# Why does my cat run underfoot?



## hal1 (Jul 16, 2011)

I was going to title this thread "My cat loves being kicked" 

They're not stupid, so why does he run underfoot when I'm walking? Could it be he likes to be kicked across the room? (accidentally)


----------



## MowMow (Nov 6, 2010)

Amen to this. Shep. Book is *always* underfoot and I trip and step on him constantly.

Worse is in the kitchen. He lays RIGHT behind me so when I turn around to walk I step RIGHT on him. He never seems to learn though.....


----------



## cooncatbob (May 27, 2011)

You have to see the world from the cat point of reference, his world is way down there, he doesn't realize you don't have eye's in your feet.
Also he want to be as close to you as possible, to a cat your their care giver, your Moma.


----------



## BotanyBlack (Apr 6, 2011)

and this is why i do the "kitty shuffle" and still manage to trip over them.. Sherbert was tripped over by me for 18 years, no they never learn..


----------



## SomeRandomChick (Sep 11, 2011)

CeCe is the same exact way. She has taught me to shuffle through the house, rather than taking steps. I am afraid to launch her. Lol. She not only stays under foot, but darts around the side of your legs to the front, or even between your legs as you're taking a step.

In my case, she's using me like a giant scratching post, rubbing herself all over me and purring, but I think she likes to stay close and monitor what I am doing, and rubbing against me is just her way of showing affection when I'm up. To be fair, I do pet her a lot as she's walking around, since she's usually in motion when she's wanting affection, so to her, she probably thinks I like it as much as she does. I sometimes think she wonders why I won't just stand in one spot and love on her. But really - it serves a multi-purpose - she gets tactile pleasure while staying part of the action.


----------



## MowMow (Nov 6, 2010)

In the kitchen it has nothing to do with being close to Mamma. It has EVERYTHING to do with him wanting to hoover any bits of food I might drop.


----------



## hal1 (Jul 16, 2011)

SomeRandomChick said:


> I am afraid to launch her. Lol. She not only stays under foot, but darts around the side of your legs to the front, or even between your legs as you're taking a step.


Good term. Toby has been "launched" several times. And yes, as you put it, he is running between my feet right in the middle of my stride.


----------



## catloverami (Jul 5, 2010)

I learned many years ago to do the "kitty shuffle" when I was into breeding and showing Manx. It was a lot easier to do then than now as I had no tails to worry about stepping on. Now, Alkee especially like to plant herself behind me while I'm working in the kitchen, and can't tell you how many times I've stepped back on her tail. I apologize, she forgives me by looking at me meowing, raising her tail and gently waving the tip, and we carry on. Zuba tends to get under my hubby's feet as he's walking. Crazy cats, what can you do?


----------



## Milky's Mammy (Oct 17, 2011)

Milky is like that too but only when he sees me coming out from the kitchen as he think it's time to eat!! Half the time end up tripping over him cos I can't see that he just darted in front of me of between my legs!


----------



## Vivid Dawn (May 31, 2010)

I really don't have this problem at home... thank goodness! Utah dry air + socked feet sliding along carpet = ZAP!

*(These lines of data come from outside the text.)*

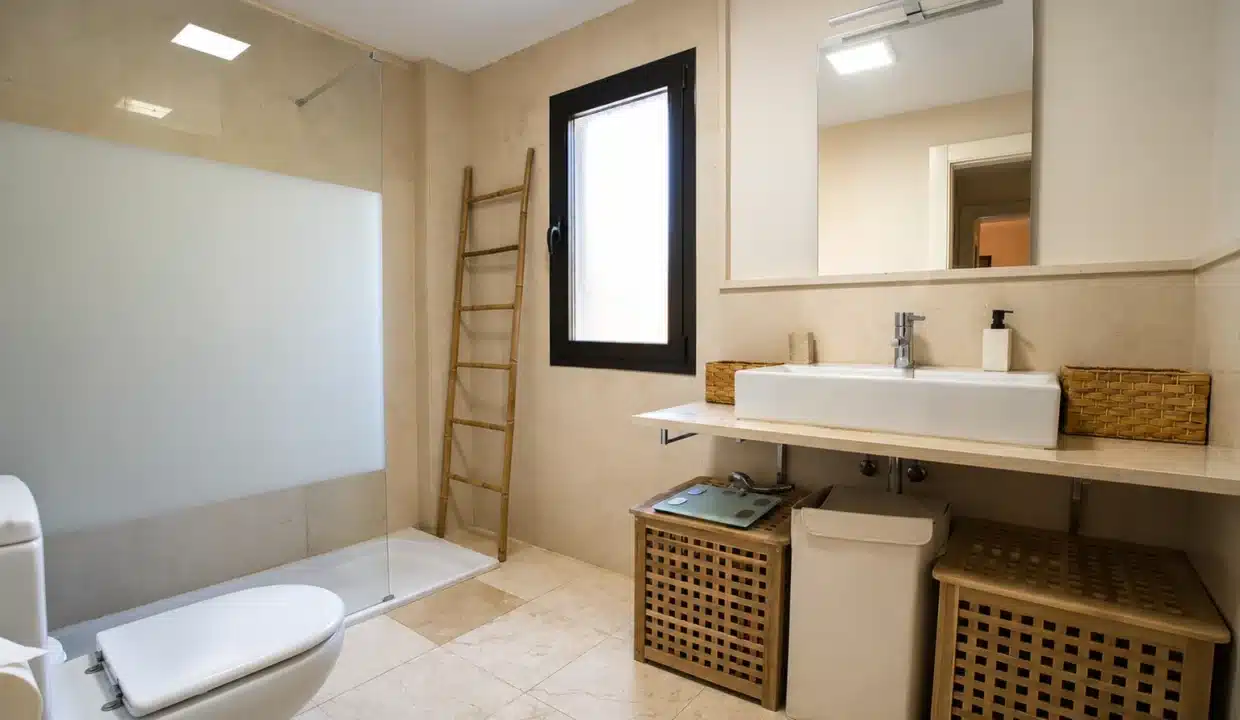 Salle de bain avec douche à l'italienne, vasque rectangulaire – appartement à louer, Hoyo 19, Benahavís (réf. AL055)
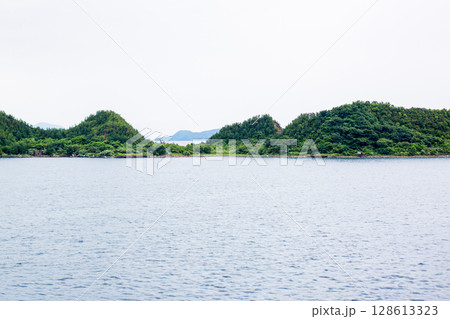 八幡浜港 128613323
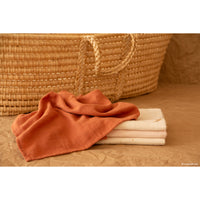 nobodinoz-box-3u-baby-love-swaddles-pack-toffee- (4)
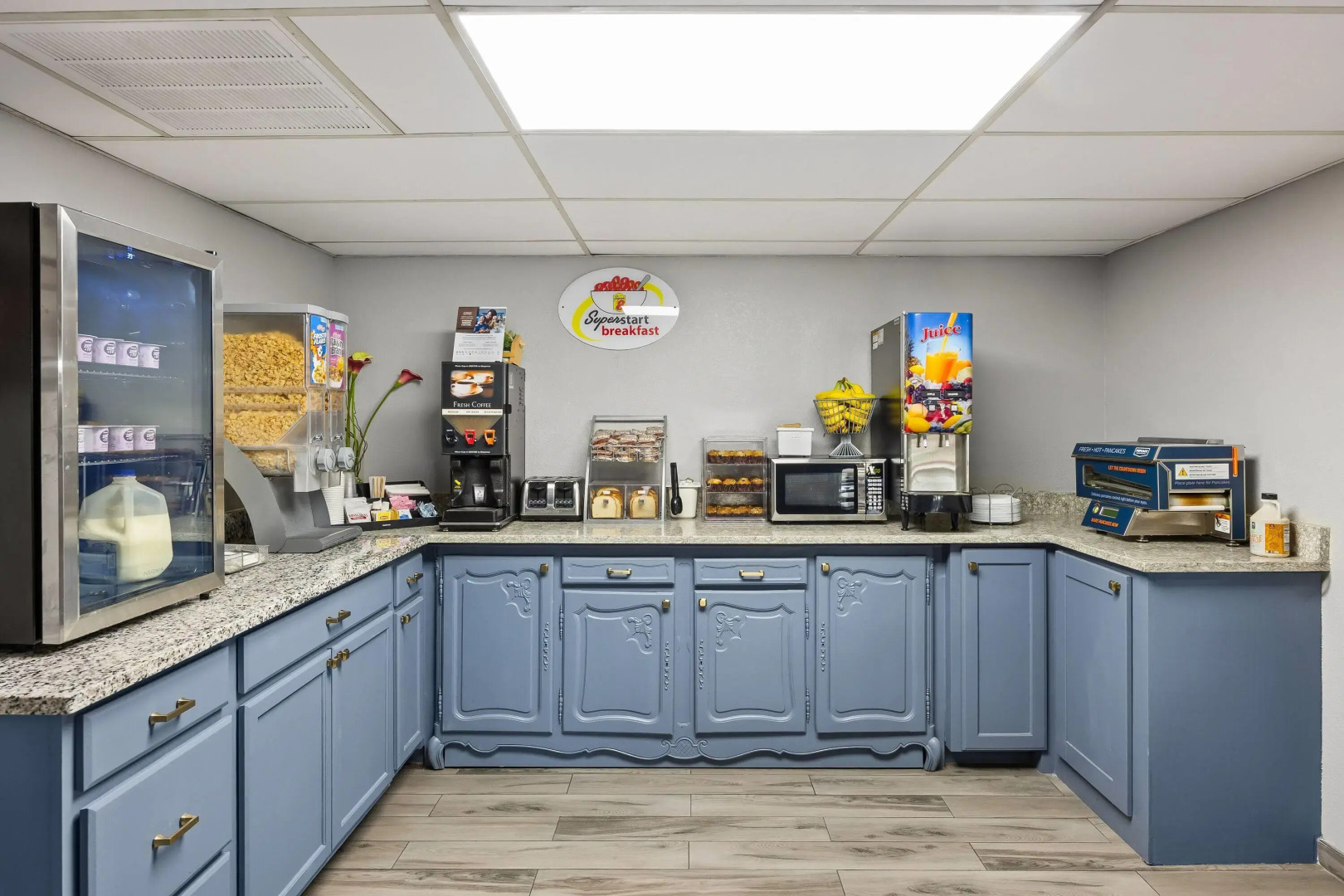 Super 8 by Wyndham Harrison AR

However, there is a cat at the shelter that INSISTS on being underfoot. Luckily those floors are cement, so I can slide-step all I want. Though when I'm in a hurry, I do tend to forget and walk regular instead, and Ming has gotten a toe to the shoulder or head a couple times. He still comes back for more, though!
I'm just glad it's only Ming, and not the other 20+ cats in that room! LOL (Rickie will 'stand' and stretch his paws up to my hip, but if I nudge him away, he stays away until I'm free for snuggles after I finish chores)


----------



## ptomas (Aug 22, 2011)

My last cat used to run between my feet in the middle of my stride. I would end up catching him between my feet in a scissors motion. Of course it was by accident as I would be walking fast and he would dart at the last moment. He also did the run in front thing when I was walking quickly and accidently got kicked many times. Not sure reason for behavior, he never learned not to do it. I would even step on him sometimes if I was carrying a large box or laundry basket and couldnt see me feet below me and he would lay right in front of me as I was walking. I was worried I would hurt him.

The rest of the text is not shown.